→ What the exercise asks
Output the entire listing below exactly as it stands.

→ Input data

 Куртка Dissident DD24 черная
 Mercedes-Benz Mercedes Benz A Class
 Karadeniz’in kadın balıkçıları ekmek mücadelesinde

→ Exercise answer
 Куртка Dissident DD24 черная
 Mercedes-Benz Mercedes Benz A Class
 Karadeniz’in kadın balıkçıları ekmek mücadelesinde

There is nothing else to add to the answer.